The winning team of the Kepler Prize 2012 :

Mónica Burriel, Ph.D. (Spain)
Marie Curie Intra European Fellow, Department of Materials, Imperial College London, London - England.

Emiliana Fabbri, Ph.D. (Italy)
Scientist, Paul Scherrer Institut, electrochemistry Laboratory, General energy Department, Villigen - Switzerland.

Dr. Redel Engelbert (Germany)
Guest-research scientist, Institut für Nanotechnologie (INT), Karlsruhe Institute of Technology (KIT), Karlsuhe - Germany.

Jennifer L.M. Rupp Ph.D. (France and Germany)
Chair of "electrochemical Materials", ETH Zurich, Switzerland.

Cecilia Solis, Ph.D. (Spain)
Postdoctoral position at the Instituto de Tecnología Química (CSIC-UPV), Valencia - Spain.

From left to right: Prof. Vincenzo Capasso (Vice-President of EURASC); Prof. Sasa Divjak (President of EURASC);Cecilia Solis, Ph.D (Spain), Postdoctoral researcher; Dr. Engelbert Redel (Germany), Institut fur Nanotechnologie (INT), Karlsruhe Institute of Technology (KIT); Monica Burriel,Ph.D (Spain), Marie Curie Intra European Fellow; Emiliana Fabbri, Ph.D (Italy), Paul Scherrer Institut; Jennifer L.M. Rupp, Ph.D (Germany and France), Chair of Electrochemical Materials”, ETH Zurich, Switzerland, Prof. Bernard Rentier (Rector of the University of Liège)

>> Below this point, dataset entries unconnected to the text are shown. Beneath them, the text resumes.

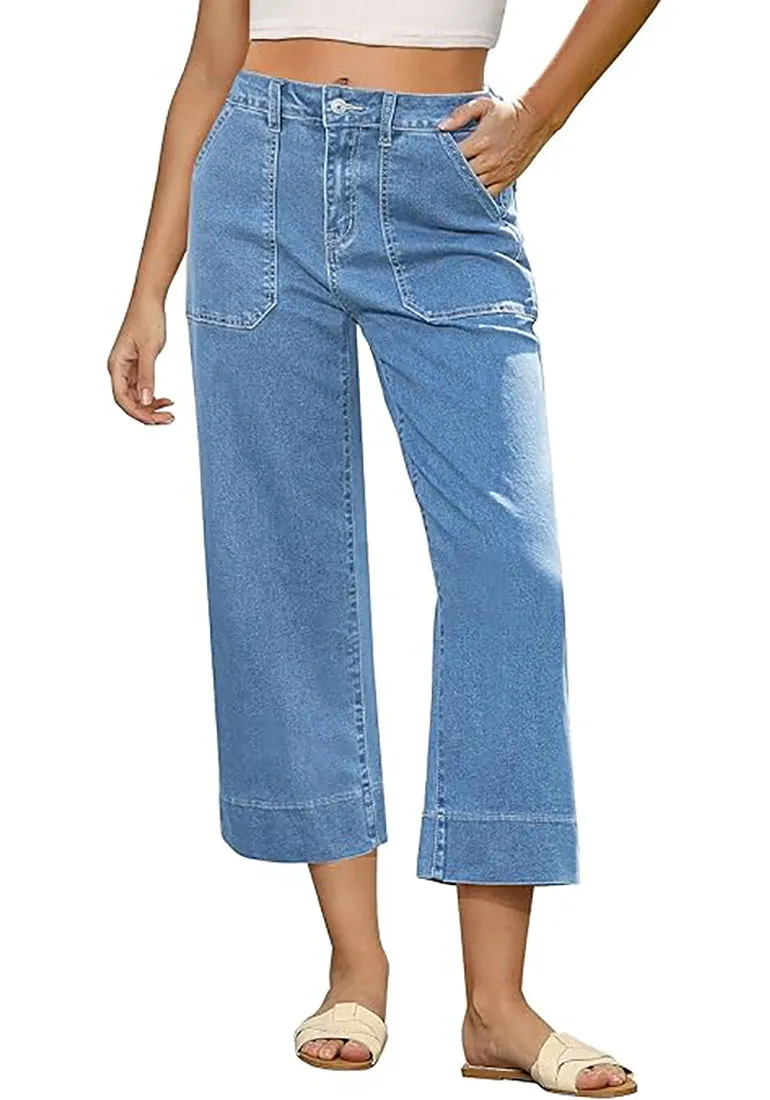 Women's Retro Denim High Rise Jeans Wide Leg Pull On Cropped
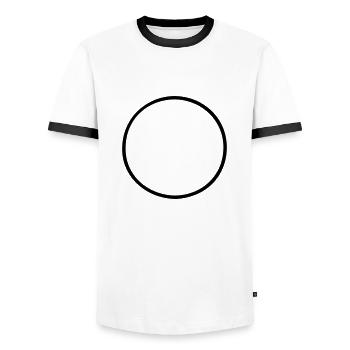 Runder Kreis 1 dünn - Männer Kontrast-T-Shirt - Weiß/Schwarz - Vorne - AI Model Female 172 light (172cm) & AI Model Male 178 dark (178cm)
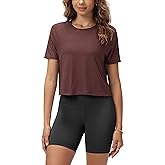 ODODOS Women's Performance Cropped Tee Ultra Soft odSTRATUM Tech Short Sleeve Relaxed Top Crew Neck T-Shirts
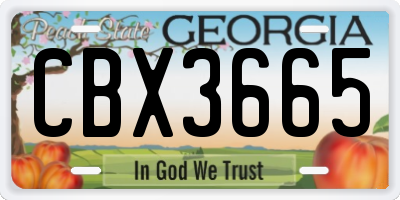 GA license plate CBX3665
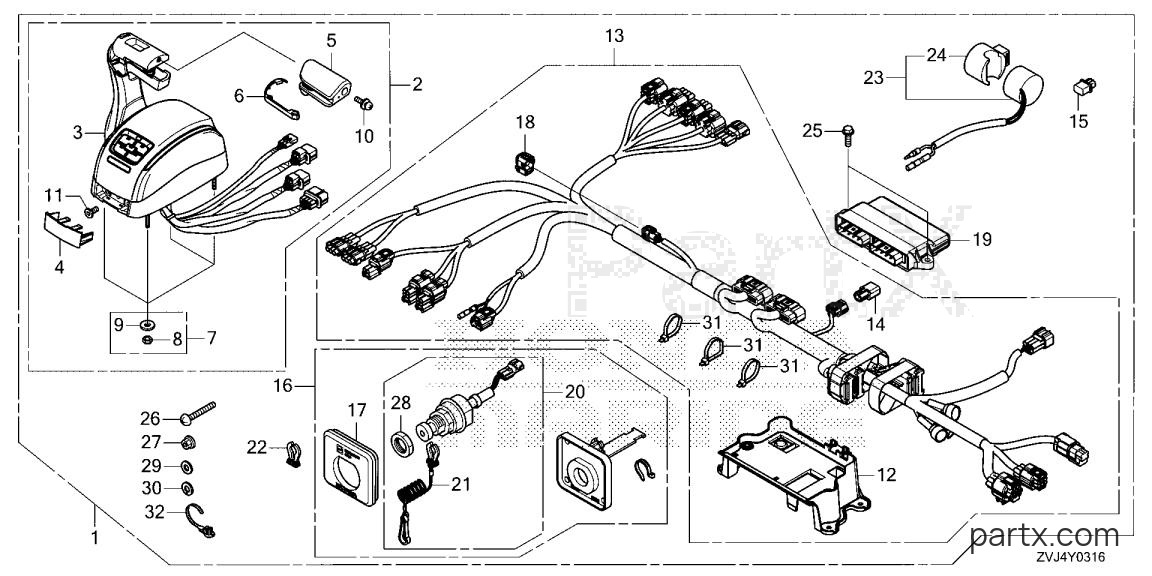 Honda BF225DK1 UDA - REMOTE CONTROL (TOP MOUNT SINGLE TYPE) (SECOND)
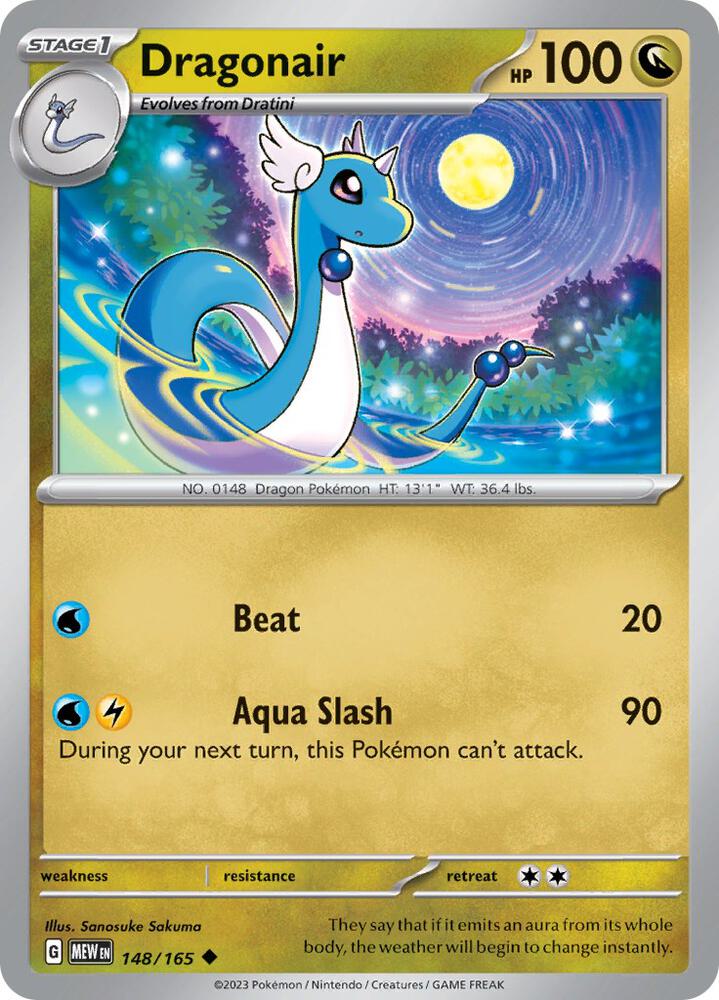 Dragonair 148/165, 151 Pokémon card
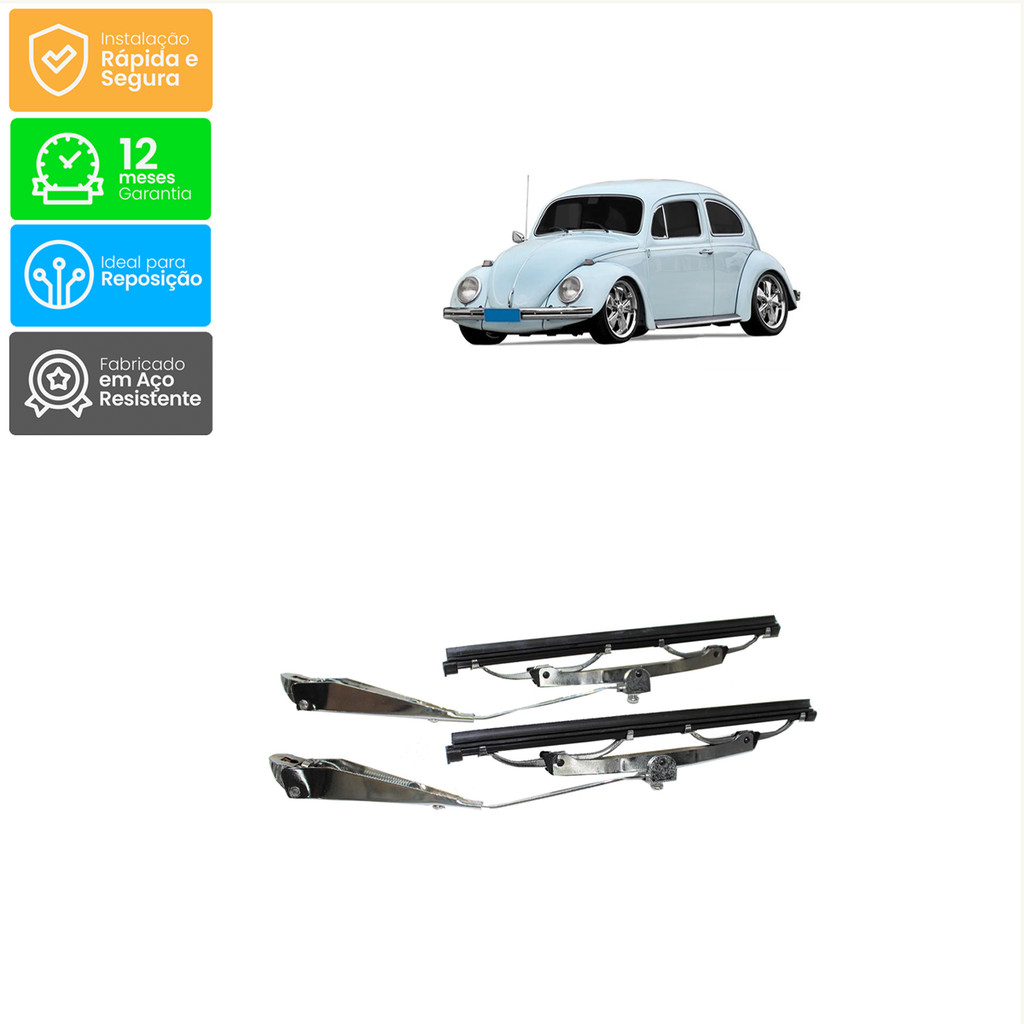 Par Braço Cromado + Palheta Limpador Parabrisa: Fusca 67/73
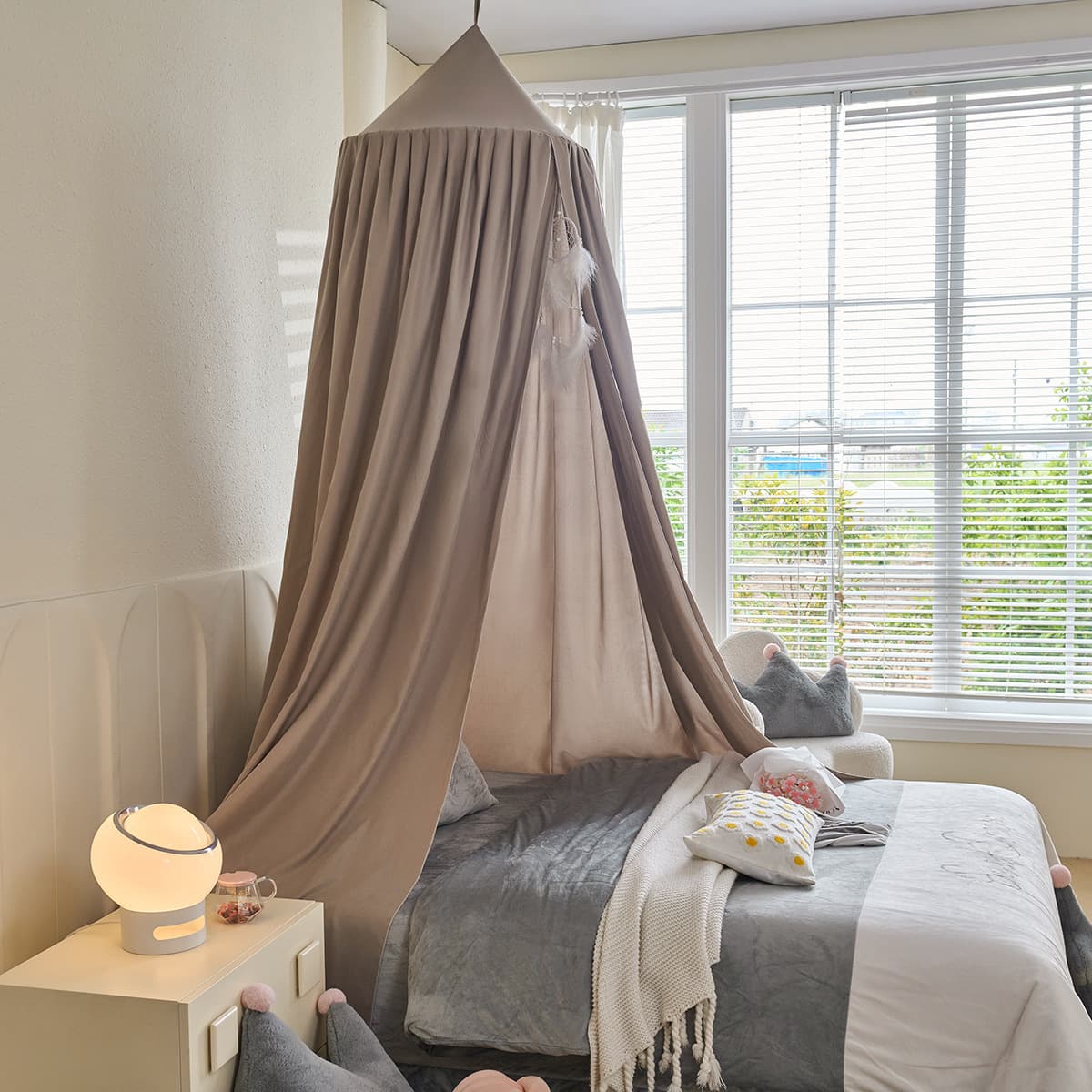 Cross-border Amazon Dome Bed Canopy Nordic Ins Style Children's Ceiling Mosquito Net Bed Tent Blackout Curtain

Workshop Project abstract :

Part a: The proposed workshop that is intended to design, new photo-catalytic materials, photonic architectures and devices which are based on robust, cheap and abundant (nano)materials for energy related applications, which can efficiently harvest and trap sunlight energy to produce a high energy density and storable chemical fuel product. In this context a practical and solar-driven process can be designed, tat efficiently can convert carbon dioxide to energy-rich fuels (e.g. methane or methanol) using solar irradiance, comparable or even higher to the rates of CO2 photo-fixation in green plants in the range of several mmol g-1 h-1. On a longer perspective, CO2 activation and catalytic CO2 photo-fixation on a larger scale with newly developed and highly-active photocatalytic materials could potentially also have relevance for further industry-applications and would help to satisfy the global energy demand with the added advantage of helping to maintain carbon dioxide concentration in the troposphere at today’s steady state levels (396.18 ppm/April 2012).[1] Additionally, detailed Ultra-High-Vacuum (UHV) experimental techniques, and surface-related characterization methods will be presented/discussed during the workshop program and which can be used to characterise basic mechanistic processes of molecular adsorbates on different photoactive surface/interfaces.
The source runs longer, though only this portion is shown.